2025-11-15

What is Simple Linear Regression?

Simple Linear Regression is a statistical method used to model the relationship between two continuous variables.

The Goal:

  • To understand how a single independent variable (predictor, X) influences a single dependent variable (response, Y).
  • To create a linear model that can be used to make predictions.

Key Questions it Answers:

  1. Is there a statistically significant relationship between the two variables?
  2. If so, what is the nature of this relationship (i.e., how much does Y change for a one-unit change in X)?
  3. Can we predict future values of Y based on a given value of X?

The Mathematical Model

The relationship in Simple Linear Regression is described by a mathematical equation. We assume that the true relationship can be modeled by a line, with some random error.

The model is:

\[ Y = \beta_0 + \beta_1 X + \epsilon \]

Where:

  • \(Y\) is the dependent (response) variable.
  • \(X\) is the independent (predictor) variable.
  • \(\beta_0\) is the intercept of the line (the value of \(Y\) when \(X=0\)).
  • \(\beta_1\) is the slope of the line (the change in \(Y\) for a one-unit increase in \(X\)).
  • \(\epsilon\) is the random error term, representing variability not explained by the model.

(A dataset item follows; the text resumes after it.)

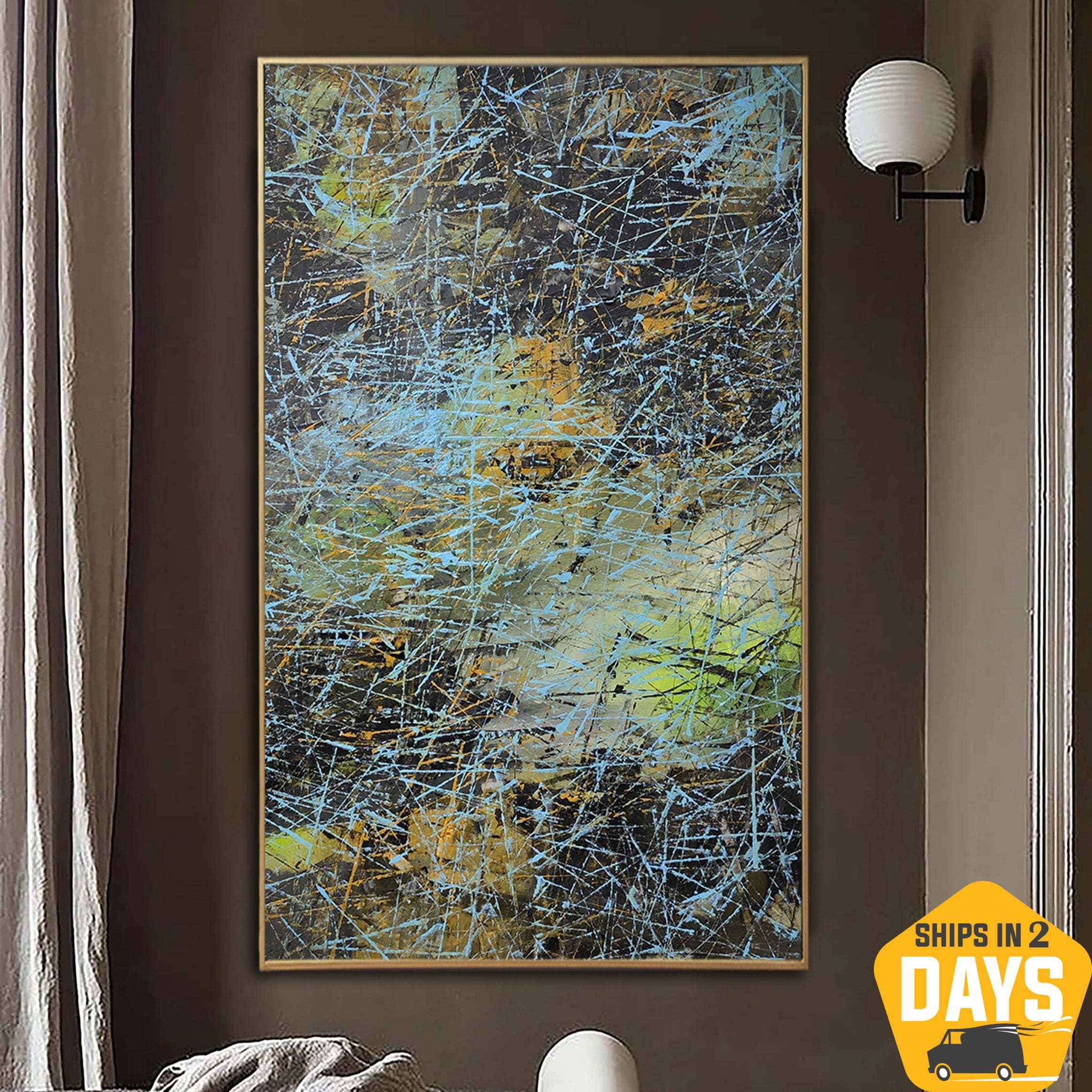 Minimalist abstract art ASSOCIATION 200 35.37"x22.44"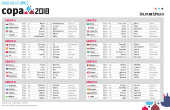 Copa do Mundo 2018 - Rússia - Tabela  Fase de grupos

Our goal is to estimate the unknown parameters, \(\beta_0\) and \(\beta_1\), from our sample data.

Example: Vehicle Stopping Distances

Let’s use the built-in R dataset cars, which contains the speed of cars and the distances they took to stop in the 1920s.

Question: Can we predict a car’s stopping distance based on its speed?

  • Independent Variable (X): Speed (mph)
  • Dependent Variable (Y): Stopping Distance (ft)

First, we visualize the data with a scatter plot to see if a linear relationship seems plausible.

The plot suggests a positive linear relationship: as speed increases, stopping distance tends to increase.

Fitting the Model with R

We can use the lm() function in R to fit a linear model. The formula dist ~ speed means we are modeling dist as a function of speed.

Below is the R code to build the model and add the regression line to our plot.

car_model <- lm(dist ~ speed, data = cars)
ggplot(cars, aes(x = speed, y = dist)) +
  geom_point(color = "blue", size = 3, alpha = 0.6) +
  geom_smooth(method = "lm", se = FALSE, color = "#8C1D40", size=1.5) + 
  labs(
    title = "Fitted Regression Line", 
    subtitle = "Stopping Distance = -17.58 + 3.93 * Speed",
    x = "Speed (mph)", 
    y = "Stopping Distance (ft)"
  ) + theme_minimal(base_size = 16)

The Estimated Regression Line

The lm() function uses a method called Ordinary Least Squares (OLS) to find the “best” estimates for \(\beta_0\) and \(\beta_1\). These estimates are denoted with a “hat” symbol.

The estimated regression equation is:

\[ \hat{y} = \hat{\beta}_0 + \hat{\beta}_1 x \]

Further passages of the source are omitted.